In the late 2010’s she emerged back on the punk scene going to gigs and a more visible presence. Her autobiography, Defying Gravity was published in 2019, but sadly she passed away in 2022 aged 66, arguably the queen of punk.
This page is based on an article called Calmer Chameleon by Richard Kick aka Richard Cabut that appeared in ZigZag May 1984. I have added lots of extra text and photos and cut out the guff (sorry!). Also used Search & Destroy 4. Fanzines Ripped and Torn. NME article Julie Burchill April 1978. Zerox Antz Fanzine and fuck knows what else.

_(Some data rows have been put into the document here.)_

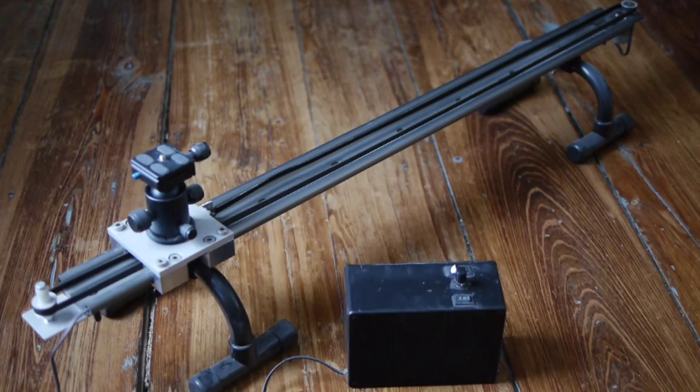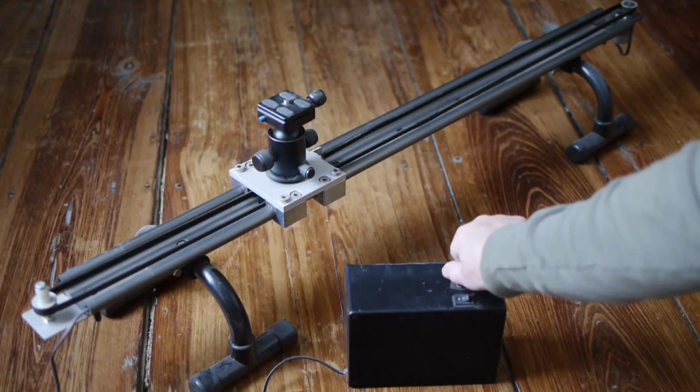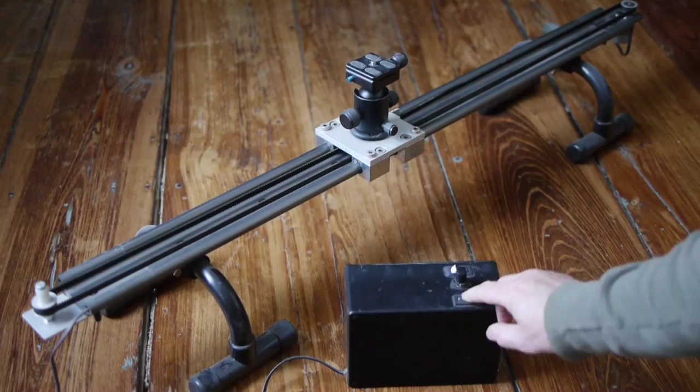Here's my little homemade slider — it's about four feet long, it's an I-rail. Here's a little 12-volt battery and the rheostat so I can adjust the speed. It's belt drive, attached to a high-torque motor.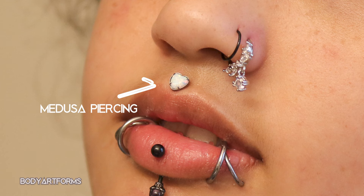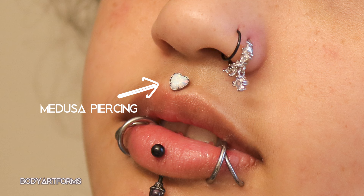First things first, what is a Medusa piercing? Simply put, it's a style of labret piercing centered above the top lip in that little divot between the nose and the lip. That divot is called the philtrum, so a Medusa piercing will often be called a philtrum piercing as well.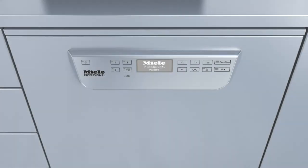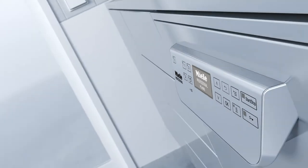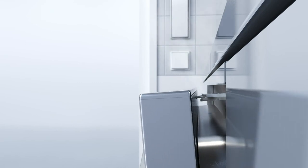The two highly efficient drying systems deployed on the new washer disinfectors are also highly convenient. On models featuring EcoDry, the door opens automatically at the end of a program, thanks to AutoOpen. This releases hot, moisture-laden air, allowing the load to dry and cool down faster.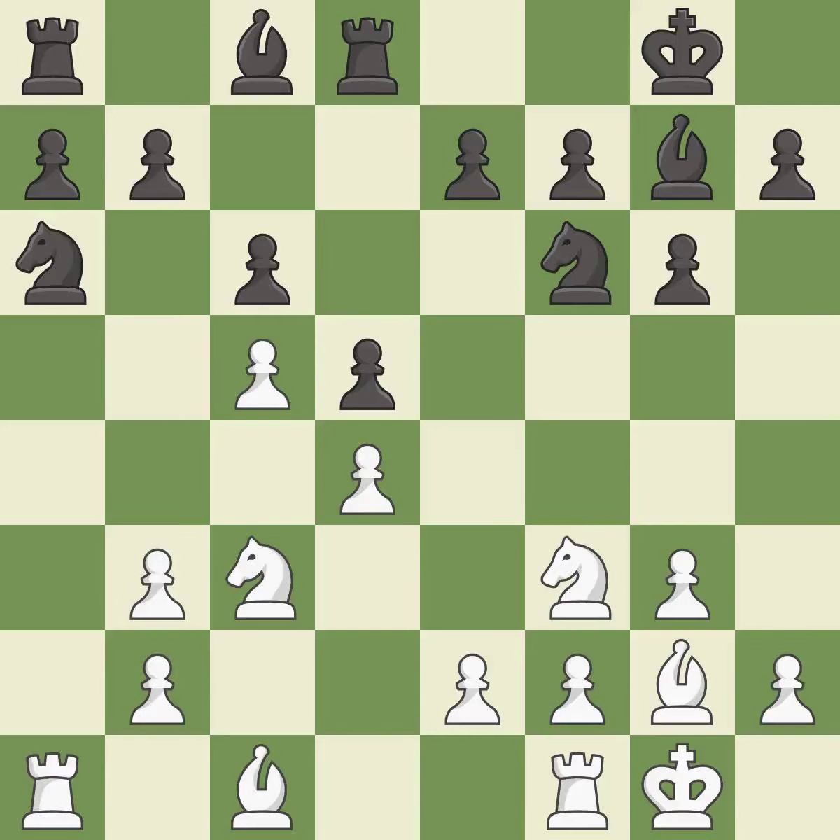This develops a knight off its starting square, getting it into the action — it is good. The rooks can see each other now, allowing them to provide mutual defense — it is excellent. That's not a mistake, but it's not the best move either. One of the best moves — it is excellent.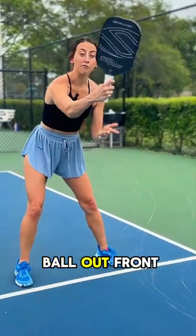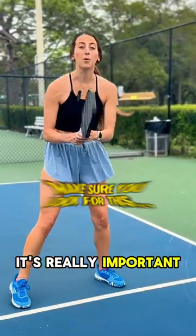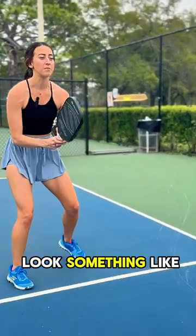Make sure that you hit the ball out front of your body. Get low enough so that you can see the bottom of the ball. It's really important when you're doing this shot to look for a deeper dink that you can reach in and take out of the air. And it's going to look something like this.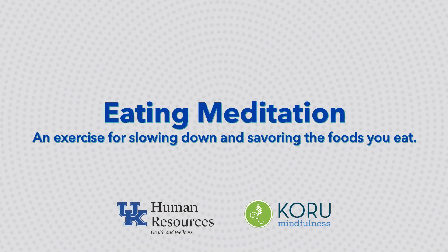Eating meditation. To begin, have your food item in your hands and sit comfortably, feeling your feet touch the ground, holding your food item and focusing on your breath. Nice, easy inhales and exhales.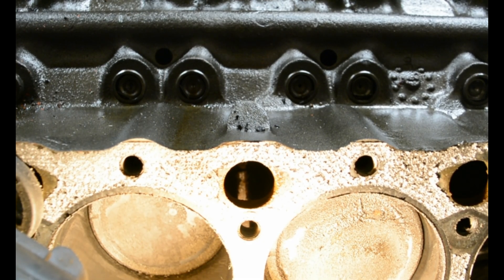This is a 305 Chevy from the 80s — the one I just took out of my truck. It's already bored 40 thousandths over, which is why I took it out and didn't build it. Nothing against the 305, that would have been okay, but this video is for anyone who thinks you could bore this out to a 350.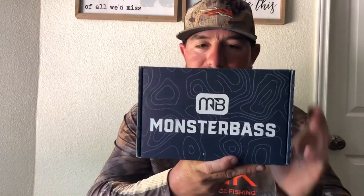Welcome back, guys. Now, this is going to be a little bit different video. I subscribed to the Monster Bass subscription box. I paid $25 for this box — I had a $10 off coupon. It's normally $35. What they do is they go off what region you're in and what lures and baits they think you should throw in your region.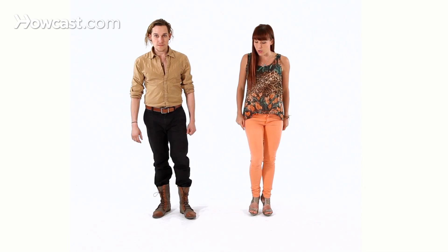So we're going to do it slow. We demonstrate it all together, but we're going to break it down because it's tiny and quick. So you're stepping to the side: one, two, three, five, six, seven, one, and repeat.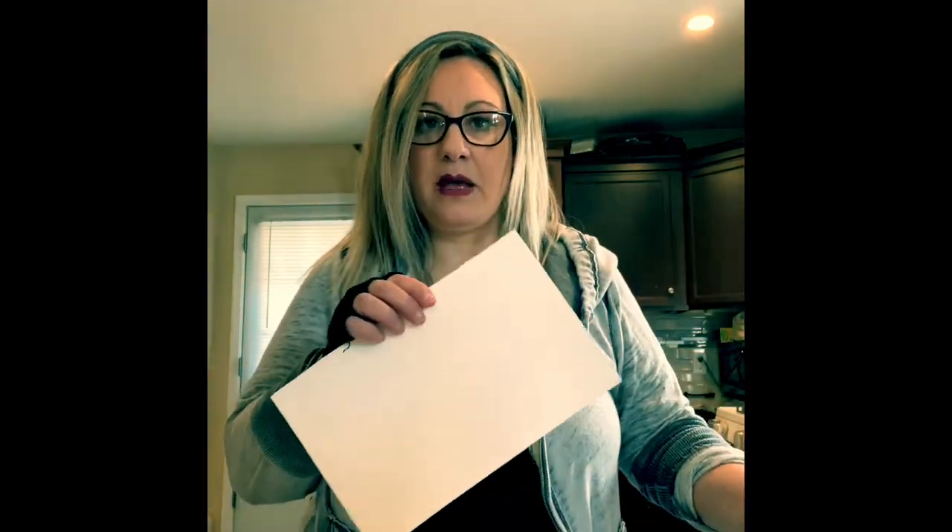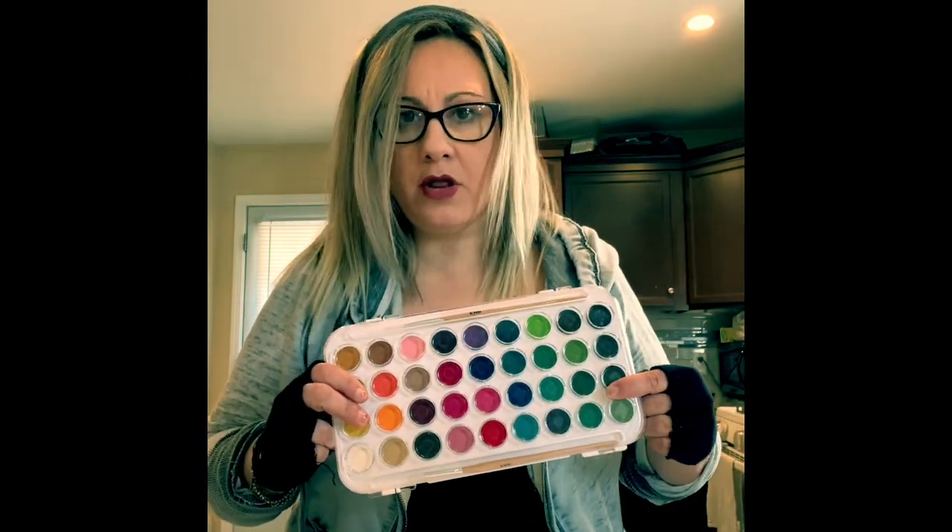So what you're going to need for this is paper, watercolor paints, some water, and a bunch of q-tips.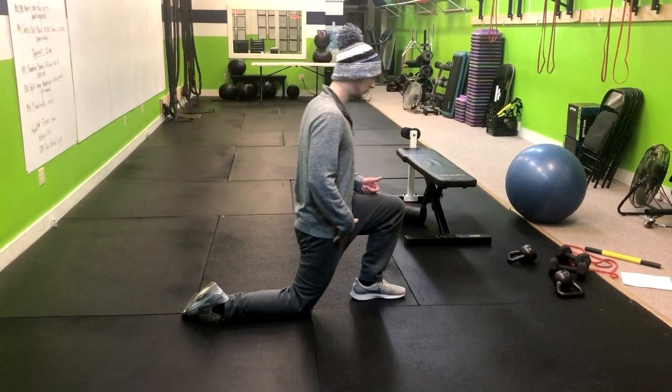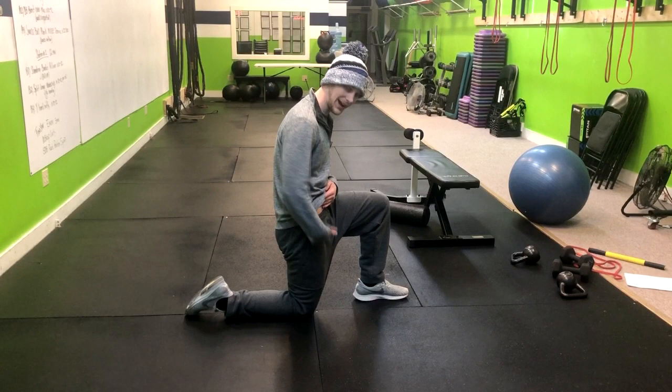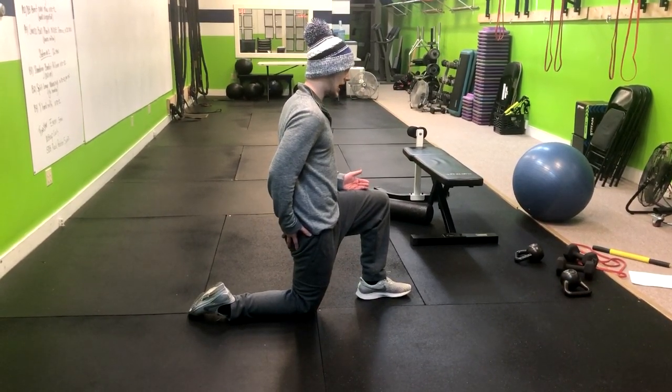We're simply gonna shift forward for a one, two, and then right back. We want to feel this pull right here in our hip flexor. So staying tall, squeezing the same side butt cheek.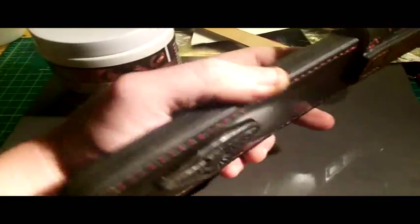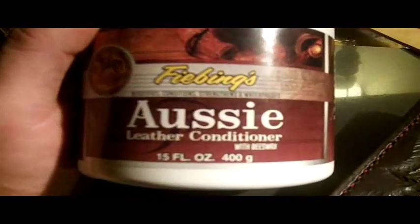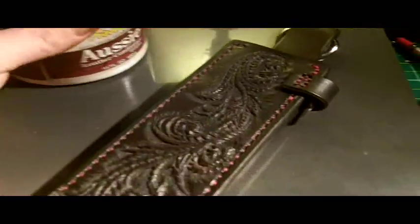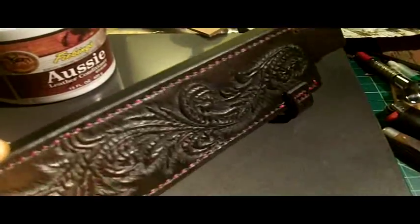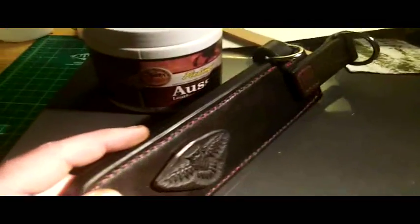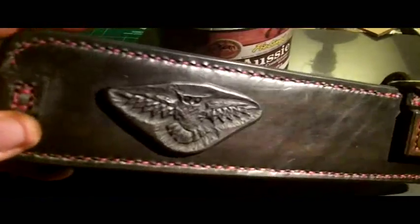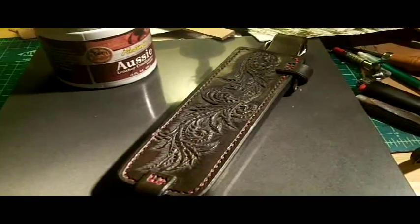Before I put the strap on, I'm going to go ahead and use the product called Aussie Leather Conditioner, which is a waterproofing borderline sealer-type stuff. I'm going to take a paper towel and some good old-fashioned elbow grease and give this thing a polish, let it sit and soak, then tomorrow I'm going to heat it up with the hair dryer and do it one more time. Everything else with this video is going to be finished up in the morning — I'll see y'all tomorrow.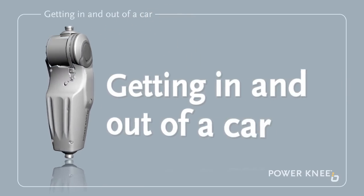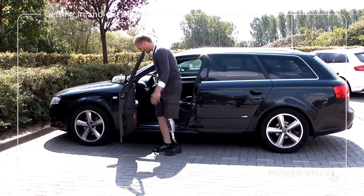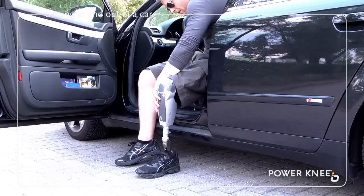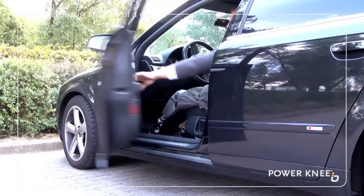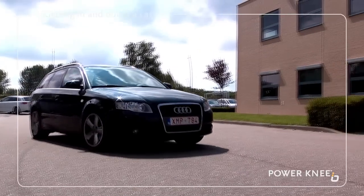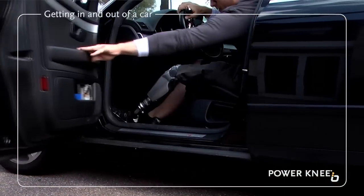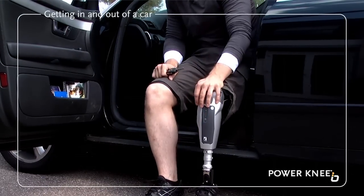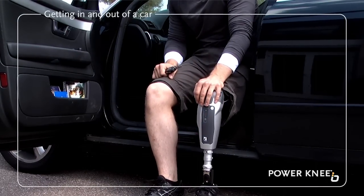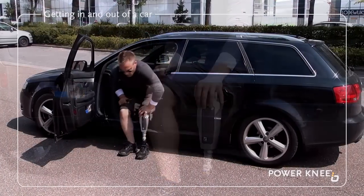Getting in and out of the car. Sit down on the car seat facing sideways. Turn the prosthesis off, then manually move the prosthesis into the car and face forward. We always recommend you keep the power turned off while driving a motor vehicle. When getting out of the car, manually move the prosthesis out of the car and position it on the ground. Turn the power on. Wait for three seconds for the prosthesis to detect its current position and stand up as normal.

“Jordan, How’s your hair greased up ?” Jordan: “I’m gonna have cards printed very soon just with ‘its lacquer’ printed on it, ‘coz my vocal chords are rapidly wearing out over the years of this.” Fair Dukes Fanzine, December 1977
One of the strange things about Punk was the fact that it threw up so many personalities that didn’t necessarily have anything to do with the music but who became almost as famous as the bands themselves. Siouxsie, Debbie Wilson (of the Bromley Contingent) and Soo Catwoman to name three were original faces on the scene who became famous through their extremely photogenic shocking (female) looks, becoming virtually as it were alternative supermodels. These people were close to the originators of Punk like the Sex Pistols and the shop SEX and mutually bathed in the ensuing publicity/infamy. Strangely enough, they were all female.
Whereas arguably the punk face of 1976 was Soo Catwoman, 1977 belonged to Jordan the SEX/Seditionaries shop assistant, Jubilee actress and Adam & The Ants band manager. Instantly recognisable by her beehive / spiked hairdo and geometric Mondrian style makeup, she made only a limited impact in these areas and her fame remains principally as one of the striking images of punk and punk women. Indeed she was almost awarded a grant as a living work of art!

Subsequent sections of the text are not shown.